She had previously written about Petrie’s discoveries at Tarkhan in ‘The Domestic Architecture of Egypt during the First Dynasty’ for The Architect in 1912. Gaudet also wrote for the Architectural Review on ‘Akhetaten, the City of the Sun’s Horizon’ in 1921; a letter about a Classical statue recently acquired by the Ashmolean in 1922; and ‘The Unearthing of Roman Oxyrhynchus’ in 1923. She wrote ‘The Hermits of Egypt’ for Country Life in 1923, ‘The Tomb of Osiris at Abydos’ for Sir John Hammerton’s ‘Wonders of the Past’ volumes in 1924, and a series entitled ‘Of Yesterday’s "Sev’n Thousand Years"’ in the Journal of the Society of Architects in 1926, which begins: "We have for some years become familiar with the idea that the spade can and does reveal past history with an accuracy which is no longer questioned" but when ancient libraries are found, as in Mesopotamia, "then indeed may the excavator deem himself lucky in finding corroborative evidence of his science and skill." There is no evidence that she excavated herself but she was clearly a keen student of current research. It is also unclear whether she ever travelled to the countries she wrote about, though in 1912 she presented the V&A with "one of the quaint patchwork and appliqué cotton flags used in the annual festival held at the shrine of Sayyad Salar Masaud at Bahraich in Faizabad, Oudh" in India. Possibly her last published article was a piece on Great Zimbabwe for The Architectural Review in 1930.
__
During and after the First World War Gaudet had a sideline as a tour guide in London, organising a series of ‘Visits to Buildings of Interest’ in winter 1915, and being listed in the 1919 ‘Blue Guide to London’ as someone who could arrange to "conduct parties to places of interest." In 1921 she was a temporary replacement art teacher at Dr Challoner’s Grammar School in Amersham, and her interest in children is also shown by an article for The Architect in 1920, entitled ‘Beauty and the Child-Mind’, reviewing the Exhibition of Children’s Work at the British Institute of Industrial Art. In 1923 the Daily Herald reported under the headline ‘Prehistoric Prodigies’ that in one of her lectures she "told of seven-year-old children who inscribed some of the most beautiful writings found in excavations in Egypt".
__
Throughout this time she was living at 120 Cheyne Walk, Chelsea, where a more famous resident was Sylvia Pankhurst, who moved into two rooms there in 1906, staying until 1909. Their paths certainly crossed, as we know Gaudet was there by 1907, when it is listed as her address in the British Numismatic Journal, of which she was then a rare female member (she was elected in 1906 and resigned in 1910).

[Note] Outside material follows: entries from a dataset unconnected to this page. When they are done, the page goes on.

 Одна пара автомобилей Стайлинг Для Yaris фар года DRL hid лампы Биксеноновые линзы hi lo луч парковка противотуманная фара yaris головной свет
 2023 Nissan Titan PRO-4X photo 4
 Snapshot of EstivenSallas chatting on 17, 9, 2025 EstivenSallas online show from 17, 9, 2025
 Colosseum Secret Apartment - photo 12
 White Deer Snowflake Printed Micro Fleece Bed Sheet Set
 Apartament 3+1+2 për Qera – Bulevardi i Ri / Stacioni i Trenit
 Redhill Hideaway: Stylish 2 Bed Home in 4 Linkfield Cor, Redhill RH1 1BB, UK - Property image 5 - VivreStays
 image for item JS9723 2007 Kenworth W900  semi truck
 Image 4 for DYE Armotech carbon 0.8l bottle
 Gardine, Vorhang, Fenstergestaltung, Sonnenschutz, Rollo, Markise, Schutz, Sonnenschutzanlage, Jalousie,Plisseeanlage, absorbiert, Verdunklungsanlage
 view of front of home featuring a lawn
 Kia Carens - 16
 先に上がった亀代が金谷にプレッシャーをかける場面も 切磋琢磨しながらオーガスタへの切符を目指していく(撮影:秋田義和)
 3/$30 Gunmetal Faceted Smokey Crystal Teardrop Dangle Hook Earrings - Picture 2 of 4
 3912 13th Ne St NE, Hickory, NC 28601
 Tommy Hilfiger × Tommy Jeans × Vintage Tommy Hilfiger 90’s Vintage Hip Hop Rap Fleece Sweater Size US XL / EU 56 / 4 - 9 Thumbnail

Whether or not she engaged in any suffragette activity, her Coronation piece for The Graphic does not suggest a rebellious spirit. Indeed in 1924 she is quoted as saying that "Women in all ages have always been — well, shall we say, just women" and that she was "inclined to think that the women of to-day are inferior to those of some of the older civilisations". On the other hand, in the same year she lectured on ‘Early Beliefs’ to Alice Abadam’s Feminist League, which following the partial enfranchisement of 1918 was campaigning to give the vote to women on the same terms as men. Gaudet certainly lived in an interesting neighbourhood: another suffragette, Maud Joachim, was resident at no. 118 in 1909, while after the war the painter (and lover of Siegfried Sassoon) William ‘Gabriel’ Atkin lived at no. 122. A variety of artists patronised the Blue Cockatoo bistro, further along Cheyne Walk.
__
120 Cheyne Walk, with blue plaque commemorating Sylvia Pankhurst
__
Whether Gaudet was influenced by any of this bohemian milieu is impossible to say, but perhaps her most personal piece is that on Symmetry, discussing the compositional theories of the artist Jay Hambidge. She concludes: "Is one travelling too far into the realms of phantasy in reading into Mr Hambidge’s theory a connection with the scheme of the universe? One would like to be able to do so and to see in the shell, the plant, the human form, yea, even in its skeleton, together with the work of the Classical Greeks… the language of the ‘rope-stretchers’ of Egypt, the stamp, the mark of infinity upon them!" This search for parallels between the natural and the architectural sounds a little like a (more classical, less surreal) version of the spatial logic of the rather younger Kensington native, student at Chelsea Polytechnic, and frequenter of the Blue Cockatoo, Paul Nash. Maybe Gaudet was more of a modernist than she let on...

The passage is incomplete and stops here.